A pager service will guarantee a return call within 1minutes.

This is the first General Election for the unit, which was set up three years ago and is run by two partners and two assistants.

The NGJ team also acts as adviser to the Liberal Democratic Party.

But the unit's head, partner Piers Coleman, said the helpline was designed to avoid election problems and should not throw up a conflict of interest.

He said recent decisions had increased the burdens on returning officers.

In one instance – the Hammersmith and Fulham case in 1994 – a proxy turned up to vote for a woman at a local election only to find that the vote had already been cast.

The candidate for whom the proxy intended to vote lost the election by one vote. It was ruled that the returning officer and his staff had been to blame.

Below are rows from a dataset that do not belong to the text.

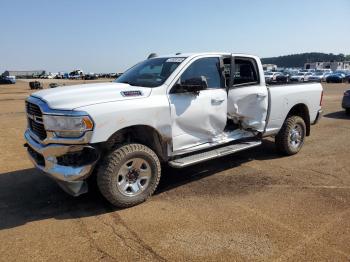  Salvage Ram 2500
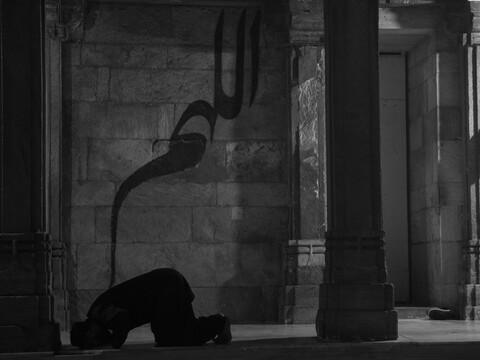 Worship 2 Old Ahmedabad, Gujarat, January 2023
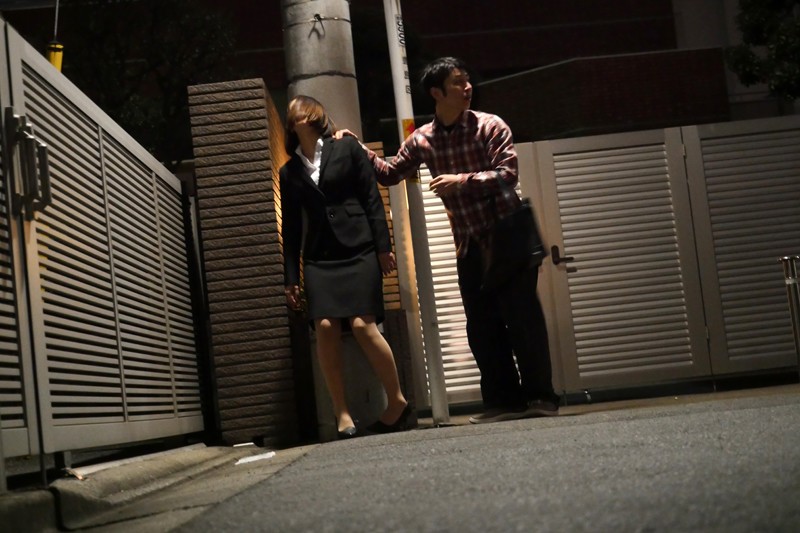 FSET-843 Part 2 - 39 minutes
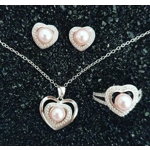 Hearts Set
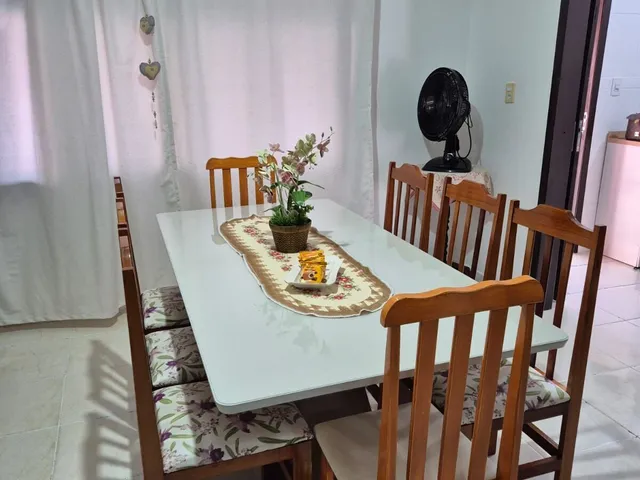 Imagem: Casa Alvenaria em Das Nações, Timbó/SC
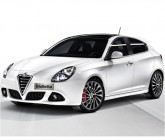 Jön az Alfa Romeo Giulietta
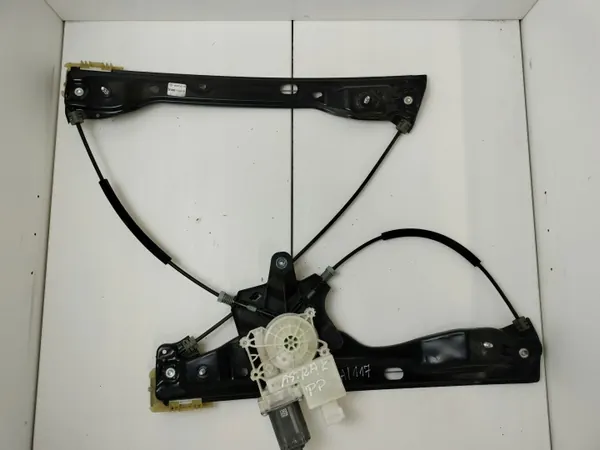 OEM 39117473 Etu-oikea ikkunanohjain Opel Astra K image 3
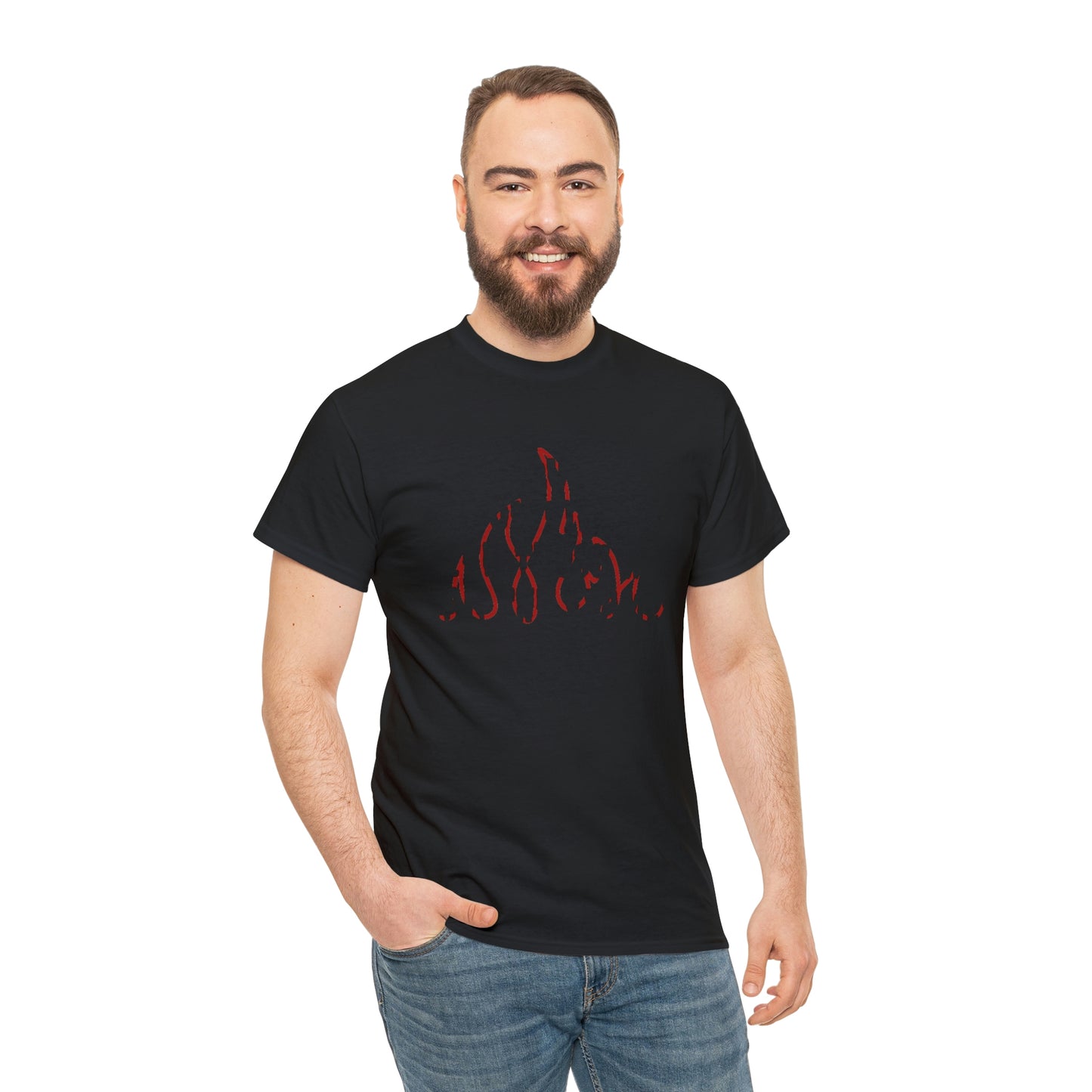 SET YOUR LIFE ON FIRE, SEEK THOSE WHO FAN THE FLAMES T-Shirt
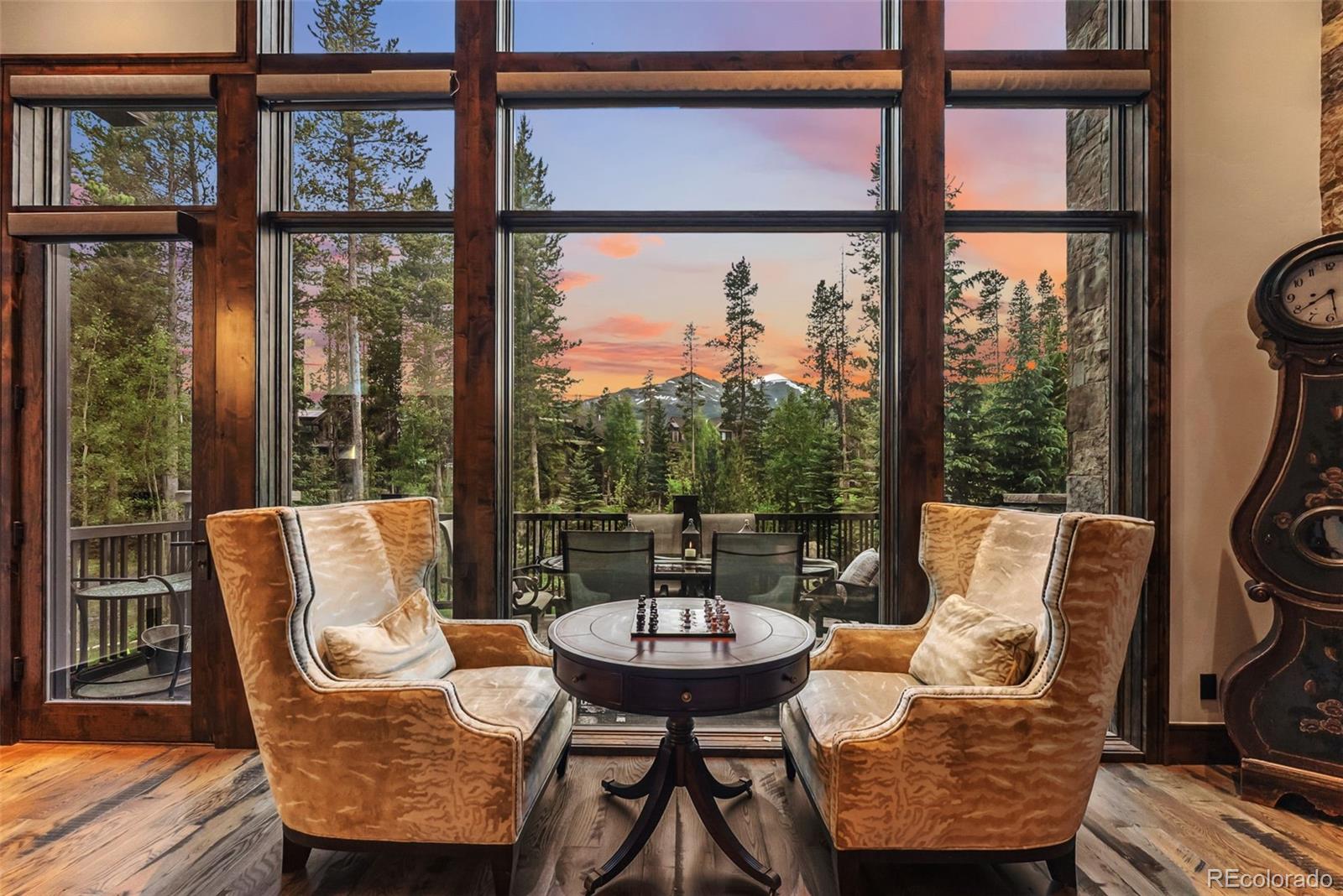 MLS Image #5 for 111  brooks snider road,breckenridge, Colorado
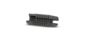 Precision Armament AFAB 556 Hybrid Muzzle Brake, .223/5.56mm, 1/2-28 TPI Thread, Matte Black A04424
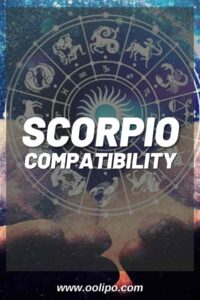 Scorpio Compatibility For Love, Relationships, And Sex In Zodiac Signs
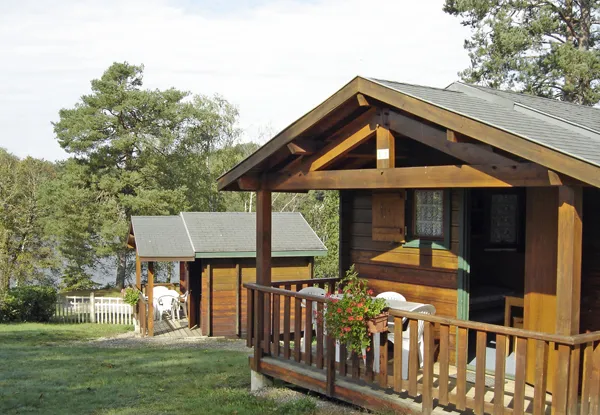 Camping du Lac Limousin - Marcillac-la-Croisille visuel 12/12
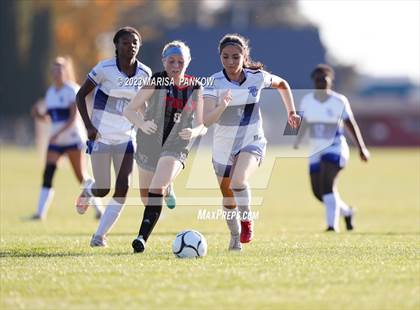 Thumbnail 1 in Bishop Grimes vs Tully photogallery.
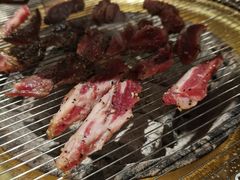 -西塔老太太泥炉烤肉(北京双井店)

Coleman said the unit itself had come about because the contracting out of local authority legal services had caused a gap in election law expertise.

The political parties use outside advisers on election issues. The Labour Party refers to the high-profile partner,

Gerald Shamash, from the London firm Steel & Shamash, while the Conservatives have been linked to the City firm Penningtons.

At he time of going to press, he Liberal Democrats were understood to be still in talks on whether to take legal action over the exclusion of the party from a pre-election television debate between the Tory and Labour leaders. Nicholson Graham & Jones declined to comment on what stage the talks had reached.